I understand where you're coming from bro! The results are agonizingly slow but they're still results and it's best to milk those results to the point where nothing else comes out! Then when you are at the proper age you can cycle and be able to hold on to most of your gains made and they will be much better than if you had started young man. I get it, you're young I'm young. You want to look like a certain way and you want to look that way NOW. But is that really worth risking your health knowing full well you would get better results if you would have waited anyway? Let alone do it much safer. Not me I don't think so. Like all these experienced guys say on this board, it's not a Sprint it's a marathon and achieving something great in the iron world takes years and years and years. Not ten weeks.
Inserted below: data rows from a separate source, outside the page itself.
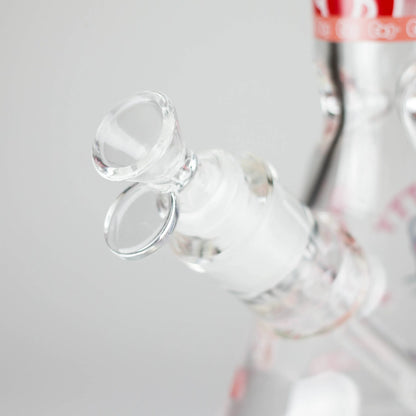 Close-up of a clear glass bottle with a white label on a light gray background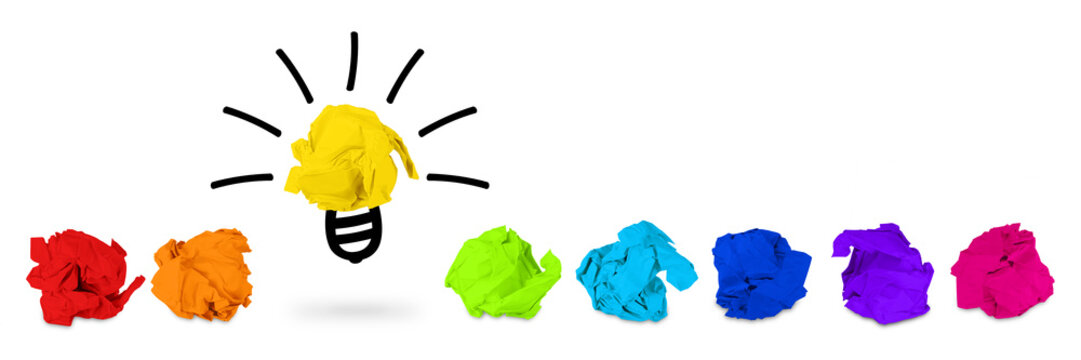 brainstorming idea concept row of rainbow colored paper snarl with light bulb symbol / Idee Konzept mit reihe Papierkugeln in Regenbogen Farbe und Gl&uuml;hbirne Symbol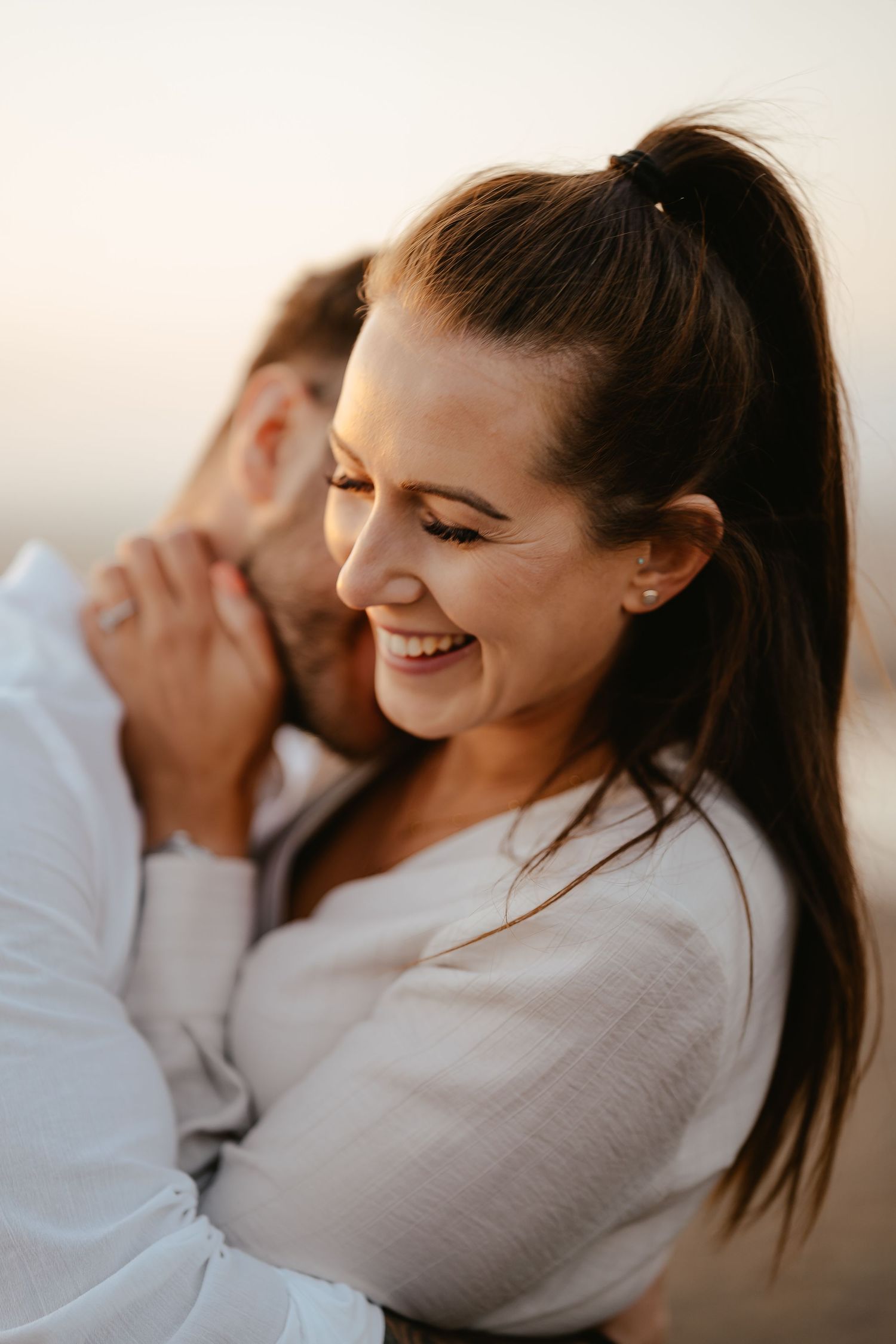 Close-up of smiling woman being embraced from behind by partner at sunset, wearing a light beige top.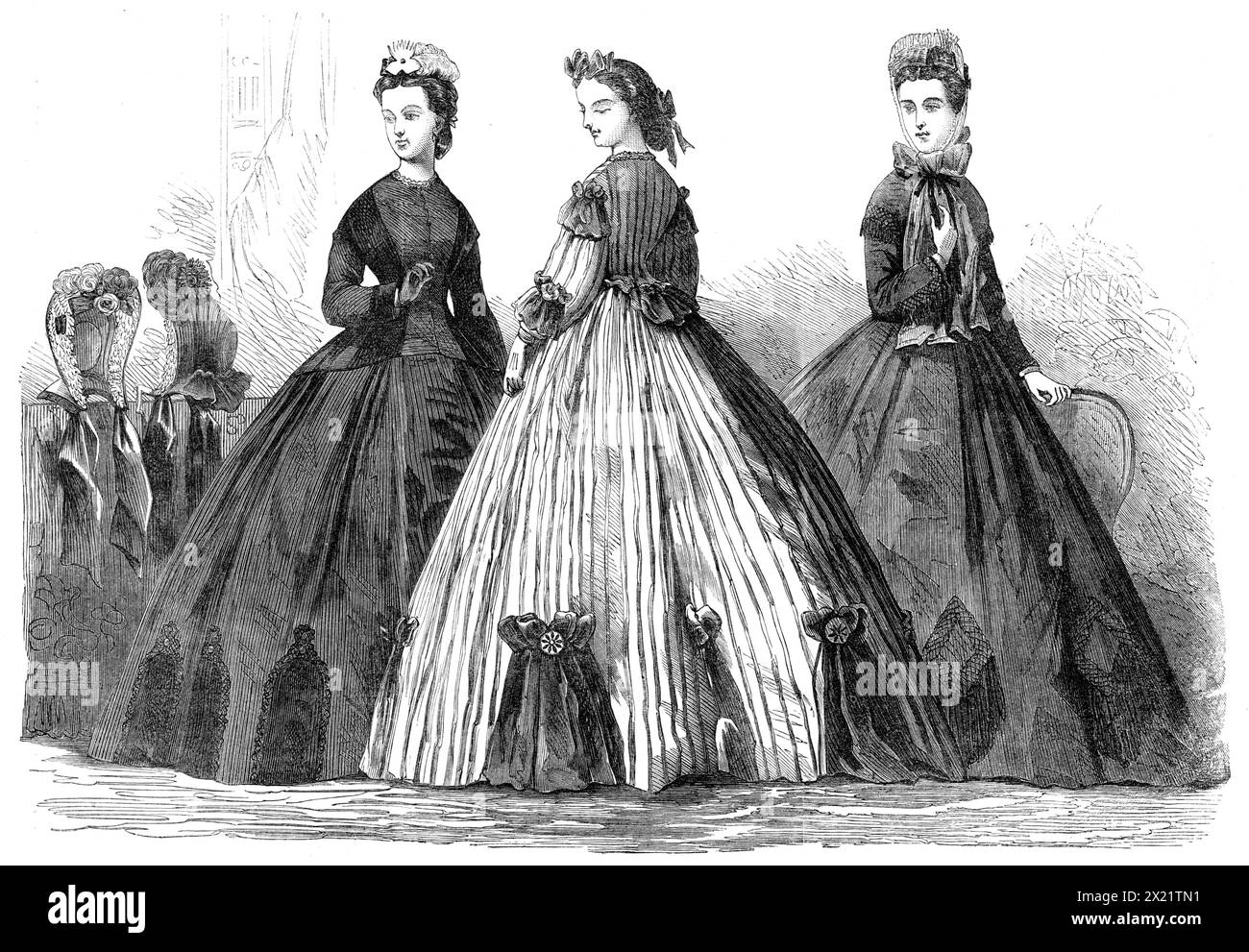 Paris mode pour avril 1864. 'Fig. 1. Robe de soirée. Robe antique moiré bleu foncé, garnie de velours... chaque ornement de velours sur la jupe est bordé de dentelle noire. Le corsage &#xe0 ; basque, s'ouvrant derrière, composé de moiré et velours, et garniture velours est également appliqué sur les manches. La tête-robe est composée d'une plume blanche, d'un papillon jaune, et d'une aigrette, col en dentelle très étroite. Fig. 2. Toilettes pour une jeune dame. Robe de taffetas couleur pierre, avec des rayures violettes, ornée autour de la jupe de portions de volants tressés, attachés par un noeud en passementerie. Corsage pos Banque D'Images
Good luck bro


----------



## vineary2242 (Aug 21, 2014)

No matter what you do if you go Natty or go on gear, If you are waiting till spring to hit it hard I personally would get lean now.  I'd eat right and try to drop BF (but you don't have a lot of fat as it is) while learning how to eat the right macros for ME.  Everyone is different there's no perfect nutrition plan set in stone.  If you haven't studied Nutrition, study it NOW.  If you're not sure how much to up carbs in your diet to bulk then learn now.  If you're not sure how to cut up then learn now.  Nutrition will the major key for you if are natty or on gear.  I never personally understood why guys go on gear if they don't eat right, gear won't build muscles if you eat like crap.


----------